In my work researching and
writing about occupations, I encounter a lot of statistics. And this year, with
an election coming ever closer, we are likely to see the results of many
surveys of voters. I want to emphasize that numbers reported from surveys tell
less than half of the story. They are the results of mere tabulation. What
makes the numbers meaningful is the nature of the sample. Or, to put it another
way, you can’t understand what a study
tells you unless you understand the sample it’s based on.
To illustrate this point, I like
to bring up two anecdotes. I think you’ll find them interesting even if (maybe especially if) you’ve never taken a
course in statistics.
The first anecdote is based on
the research that social scientists did when they essentially invented the
science of jury selection. This happened in 1972, when seven radicals were
about to go on trial in Harrisburg,
Pennsylvania, for conspiracy to
raid draft boards and destroy records, among other planned antiwar actions.
This was a time of great political polarization and in a place that is
characterized by political conservatism. The researchers, working on behalf of
the antiwar activists’ lawyers, wanted to find a way to predict the political
leanings of jurors so the lawyers could seat a jury that would be less
conservative than one chosen at random from the Harrisburg population. The
lawyers would not be able to ask the potential jurors flat-out about their
politics; instead, they needed an indirect way to assess this.

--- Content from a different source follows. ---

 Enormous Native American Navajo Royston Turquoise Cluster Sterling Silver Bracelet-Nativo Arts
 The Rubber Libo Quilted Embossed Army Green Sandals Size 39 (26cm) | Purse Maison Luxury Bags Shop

The social scientists surveyed
citizens of that community to identify their political attitudes and then
correlated these attitudes with other facts about the jurors. They discovered
that the surest way to predict a Harrisburger’s politics was to ask how much
education the person had: The more educated the person was, the more conservative that person’s
politics.
The researchers eventually
realized why this was so: Young people in Harrisburg
who became highly educated acquired the occupational mobility to leave the
region if they were not conservative;
therefore, the sample of highly educated people who remained had to be quite
conservative. If the results of their survey surprised you, it’s because you
didn’t stop to think about what the
sample really was: not everyone who ever lived in Harrisburg, but rather those who remained—by choice or because
they were less able to move out.
The second anecdote is from the
Second World War. British bomber planes flying missions over Germany were often
shot down by anti-aircraft fire. The Royal Air Force wanted to shield
vulnerable parts of the aircraft with armor, but they wanted to use a minimal
amount of armor to avoid weighing down (and slowing down) the planes. The RAF
commissioned the statistician Abraham Wald to examine the planes after bombing
missions to determine where on the planes’ undersides it was most critical to
apply anti-flak armor.
Wald counted bullet holes in the
planes and recommended that armor be applied where there were the fewest bullet holes.

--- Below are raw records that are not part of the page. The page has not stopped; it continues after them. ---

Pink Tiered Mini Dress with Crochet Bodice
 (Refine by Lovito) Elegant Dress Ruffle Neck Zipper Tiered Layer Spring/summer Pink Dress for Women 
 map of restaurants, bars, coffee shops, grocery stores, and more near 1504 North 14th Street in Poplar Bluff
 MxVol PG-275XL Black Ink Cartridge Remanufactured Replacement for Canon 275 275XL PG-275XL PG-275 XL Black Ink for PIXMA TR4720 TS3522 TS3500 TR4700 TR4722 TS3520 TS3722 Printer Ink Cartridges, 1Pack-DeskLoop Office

This may seem like a mistake to
you. Maybe you’re thinking that armor is supposed to protect against
anti-aircraft fire, so shouldn’t the RAF have armored the places that got hit
the most?
Again, consider the sample: Wald was not looking at every bomber that flew
a mission, but rather those that returned
from missions. Bombers that got shot down were removed from the sample. The
bombers that returned and made up the sample were the ones that were hit only in
places that were not critical for staying airborne. The places where the surviving planes were not hit, therefore, were the most likely to be critical and in need
of armor.
If you’re wondering why I’m
writing about this subject in a blog about careers, consider this blog entry a
look at how complicated statisticians’ work can be, not so much in terms of the
mathematics, but rather in terms of the concepts that must be understood.
The nonstatistical lesson to
take away from these anecdotes is that you
have to be careful when you make a generalization about a population—for
example, the notion that educated people are more liberal politically (or, to
draw on today’s politics, the notion that people of one religion are a greater
threat to security). Such generalizations may be true in some global sense, but
the particular population you are dealing
with may really be a subset of the global population, either self-selecting or
selected by some exterior factor you have not considered. The global
generalization may be a poor fit for this subset, or the subset may be a
misleading basis for a global generalization.